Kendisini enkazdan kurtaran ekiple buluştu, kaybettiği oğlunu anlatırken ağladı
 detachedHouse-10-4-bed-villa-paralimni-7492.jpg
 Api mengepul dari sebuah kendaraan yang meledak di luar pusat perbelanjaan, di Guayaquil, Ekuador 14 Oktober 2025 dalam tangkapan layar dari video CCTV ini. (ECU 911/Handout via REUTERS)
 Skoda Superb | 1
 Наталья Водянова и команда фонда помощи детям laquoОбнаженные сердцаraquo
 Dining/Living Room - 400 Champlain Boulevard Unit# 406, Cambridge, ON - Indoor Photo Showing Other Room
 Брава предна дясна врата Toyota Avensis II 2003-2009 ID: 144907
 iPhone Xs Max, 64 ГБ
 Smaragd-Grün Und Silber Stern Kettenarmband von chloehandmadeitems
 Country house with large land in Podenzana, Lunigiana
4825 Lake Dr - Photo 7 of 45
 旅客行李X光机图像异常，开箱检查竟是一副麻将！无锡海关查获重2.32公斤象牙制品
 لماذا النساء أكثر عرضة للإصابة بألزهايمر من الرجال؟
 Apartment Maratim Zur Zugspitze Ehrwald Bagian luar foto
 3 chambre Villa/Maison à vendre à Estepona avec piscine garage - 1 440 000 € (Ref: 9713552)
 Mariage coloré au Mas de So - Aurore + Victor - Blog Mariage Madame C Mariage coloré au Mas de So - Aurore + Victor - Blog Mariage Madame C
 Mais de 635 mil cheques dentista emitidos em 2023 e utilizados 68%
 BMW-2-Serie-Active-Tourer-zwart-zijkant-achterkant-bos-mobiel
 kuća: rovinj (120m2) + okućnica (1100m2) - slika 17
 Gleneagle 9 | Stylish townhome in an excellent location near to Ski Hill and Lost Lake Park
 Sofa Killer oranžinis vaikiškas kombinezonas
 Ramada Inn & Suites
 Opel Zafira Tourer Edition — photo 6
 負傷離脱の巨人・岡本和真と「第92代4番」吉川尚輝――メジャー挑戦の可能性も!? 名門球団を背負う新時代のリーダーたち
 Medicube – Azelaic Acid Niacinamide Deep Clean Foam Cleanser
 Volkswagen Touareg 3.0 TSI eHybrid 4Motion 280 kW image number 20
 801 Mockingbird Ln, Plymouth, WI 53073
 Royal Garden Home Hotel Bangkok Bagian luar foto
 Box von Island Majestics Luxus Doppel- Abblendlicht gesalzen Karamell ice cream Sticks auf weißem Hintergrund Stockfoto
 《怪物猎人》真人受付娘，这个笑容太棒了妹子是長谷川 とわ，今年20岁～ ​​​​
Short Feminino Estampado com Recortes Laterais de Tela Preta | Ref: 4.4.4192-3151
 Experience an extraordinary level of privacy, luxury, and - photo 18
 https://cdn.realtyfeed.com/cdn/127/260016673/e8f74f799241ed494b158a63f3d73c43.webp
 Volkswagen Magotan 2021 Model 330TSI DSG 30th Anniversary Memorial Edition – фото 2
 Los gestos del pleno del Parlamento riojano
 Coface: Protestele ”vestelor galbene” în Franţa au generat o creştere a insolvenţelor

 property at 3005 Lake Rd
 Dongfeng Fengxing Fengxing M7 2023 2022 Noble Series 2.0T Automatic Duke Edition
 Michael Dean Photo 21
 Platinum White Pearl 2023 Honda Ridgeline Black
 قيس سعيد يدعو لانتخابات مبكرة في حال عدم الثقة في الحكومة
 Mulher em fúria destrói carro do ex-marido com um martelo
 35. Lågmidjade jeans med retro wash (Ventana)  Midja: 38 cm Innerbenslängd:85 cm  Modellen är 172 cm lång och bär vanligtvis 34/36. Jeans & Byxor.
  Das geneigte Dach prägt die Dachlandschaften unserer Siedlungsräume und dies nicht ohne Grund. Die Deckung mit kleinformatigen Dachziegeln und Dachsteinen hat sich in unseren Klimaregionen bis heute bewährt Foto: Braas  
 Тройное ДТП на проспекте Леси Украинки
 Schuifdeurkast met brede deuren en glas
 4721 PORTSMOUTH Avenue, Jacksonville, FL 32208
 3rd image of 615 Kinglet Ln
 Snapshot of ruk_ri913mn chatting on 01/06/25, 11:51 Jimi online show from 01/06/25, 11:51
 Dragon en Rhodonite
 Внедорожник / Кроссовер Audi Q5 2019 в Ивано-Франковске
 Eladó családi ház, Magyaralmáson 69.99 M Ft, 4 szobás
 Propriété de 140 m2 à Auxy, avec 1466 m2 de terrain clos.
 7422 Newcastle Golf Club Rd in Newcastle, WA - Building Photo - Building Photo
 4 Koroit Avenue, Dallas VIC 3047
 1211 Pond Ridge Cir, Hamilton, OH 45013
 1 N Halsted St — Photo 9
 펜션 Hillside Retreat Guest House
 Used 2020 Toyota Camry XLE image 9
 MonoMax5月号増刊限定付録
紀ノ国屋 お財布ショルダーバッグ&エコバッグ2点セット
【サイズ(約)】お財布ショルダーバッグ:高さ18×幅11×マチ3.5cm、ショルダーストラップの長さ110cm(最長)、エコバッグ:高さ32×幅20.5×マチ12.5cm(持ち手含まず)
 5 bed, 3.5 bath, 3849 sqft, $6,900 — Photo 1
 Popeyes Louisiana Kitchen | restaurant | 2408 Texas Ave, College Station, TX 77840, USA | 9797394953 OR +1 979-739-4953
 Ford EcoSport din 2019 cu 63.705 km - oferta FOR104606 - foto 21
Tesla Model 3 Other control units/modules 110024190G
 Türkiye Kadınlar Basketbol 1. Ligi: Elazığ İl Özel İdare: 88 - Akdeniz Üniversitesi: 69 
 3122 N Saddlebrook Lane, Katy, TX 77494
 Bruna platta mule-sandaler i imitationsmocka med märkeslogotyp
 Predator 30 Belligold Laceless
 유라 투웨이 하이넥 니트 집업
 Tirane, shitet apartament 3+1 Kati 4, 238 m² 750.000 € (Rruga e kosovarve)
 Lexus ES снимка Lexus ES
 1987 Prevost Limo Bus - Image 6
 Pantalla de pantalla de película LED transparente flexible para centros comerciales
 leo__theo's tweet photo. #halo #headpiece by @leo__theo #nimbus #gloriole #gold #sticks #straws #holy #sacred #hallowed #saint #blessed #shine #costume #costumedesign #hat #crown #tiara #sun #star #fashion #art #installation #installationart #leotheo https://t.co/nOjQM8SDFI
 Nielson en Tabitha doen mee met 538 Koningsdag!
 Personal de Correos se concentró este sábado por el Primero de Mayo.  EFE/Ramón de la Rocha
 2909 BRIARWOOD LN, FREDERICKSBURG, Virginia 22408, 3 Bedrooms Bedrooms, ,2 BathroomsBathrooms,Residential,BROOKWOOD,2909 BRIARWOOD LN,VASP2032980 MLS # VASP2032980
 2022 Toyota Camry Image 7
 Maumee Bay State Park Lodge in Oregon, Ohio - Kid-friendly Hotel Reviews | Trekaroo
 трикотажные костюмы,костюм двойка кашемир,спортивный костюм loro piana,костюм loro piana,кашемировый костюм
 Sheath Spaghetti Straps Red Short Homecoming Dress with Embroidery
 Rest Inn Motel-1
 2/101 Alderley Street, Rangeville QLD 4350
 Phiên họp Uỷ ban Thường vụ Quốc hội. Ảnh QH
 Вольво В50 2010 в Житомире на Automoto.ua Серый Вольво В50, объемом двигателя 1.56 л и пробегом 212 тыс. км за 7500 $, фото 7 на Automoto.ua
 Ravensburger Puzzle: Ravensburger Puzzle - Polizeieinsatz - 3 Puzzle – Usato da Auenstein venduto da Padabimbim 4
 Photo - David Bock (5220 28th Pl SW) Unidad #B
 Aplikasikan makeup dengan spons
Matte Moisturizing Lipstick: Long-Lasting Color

· · · · ·

Task directions. Starting with the line with "creştere a insolvenţelor" above and going on through the line with "Platinum White Pearl", transcribe every line exactly, both ends included, and add nothing.

Reply.
 Coface: Protestele ”vestelor galbene” în Franţa au generat o creştere a insolvenţelor

 property at 3005 Lake Rd
 Dongfeng Fengxing Fengxing M7 2023 2022 Noble Series 2.0T Automatic Duke Edition
 Michael Dean Photo 21
 Platinum White Pearl 2023 Honda Ridgeline Black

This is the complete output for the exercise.